* [What the task asks] Exactly the lines from the one containing "Common Stonecrop, Sedum ruprechti" through the final line of the listing are to be retyped, and nothing more.

* [Data shown]
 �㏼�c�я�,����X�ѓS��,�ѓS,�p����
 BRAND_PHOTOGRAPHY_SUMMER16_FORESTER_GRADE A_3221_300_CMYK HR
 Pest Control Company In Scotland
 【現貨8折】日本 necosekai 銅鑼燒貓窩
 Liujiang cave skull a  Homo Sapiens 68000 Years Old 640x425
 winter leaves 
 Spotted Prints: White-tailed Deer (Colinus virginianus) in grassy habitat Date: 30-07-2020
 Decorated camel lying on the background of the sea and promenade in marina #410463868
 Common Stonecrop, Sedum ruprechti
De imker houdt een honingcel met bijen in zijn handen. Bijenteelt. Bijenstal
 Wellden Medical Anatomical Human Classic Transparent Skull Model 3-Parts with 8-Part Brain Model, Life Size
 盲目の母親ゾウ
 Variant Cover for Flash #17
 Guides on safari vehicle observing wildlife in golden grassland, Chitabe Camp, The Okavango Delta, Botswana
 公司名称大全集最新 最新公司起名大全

* [Exercise response]
 Common Stonecrop, Sedum ruprechti
De imker houdt een honingcel met bijen in zijn handen. Bijenteelt. Bijenstal
 Wellden Medical Anatomical Human Classic Transparent Skull Model 3-Parts with 8-Part Brain Model, Life Size
 盲目の母親ゾウ
 Variant Cover for Flash #17
 Guides on safari vehicle observing wildlife in golden grassland, Chitabe Camp, The Okavango Delta, Botswana
 公司名称大全集最新 最新公司起名大全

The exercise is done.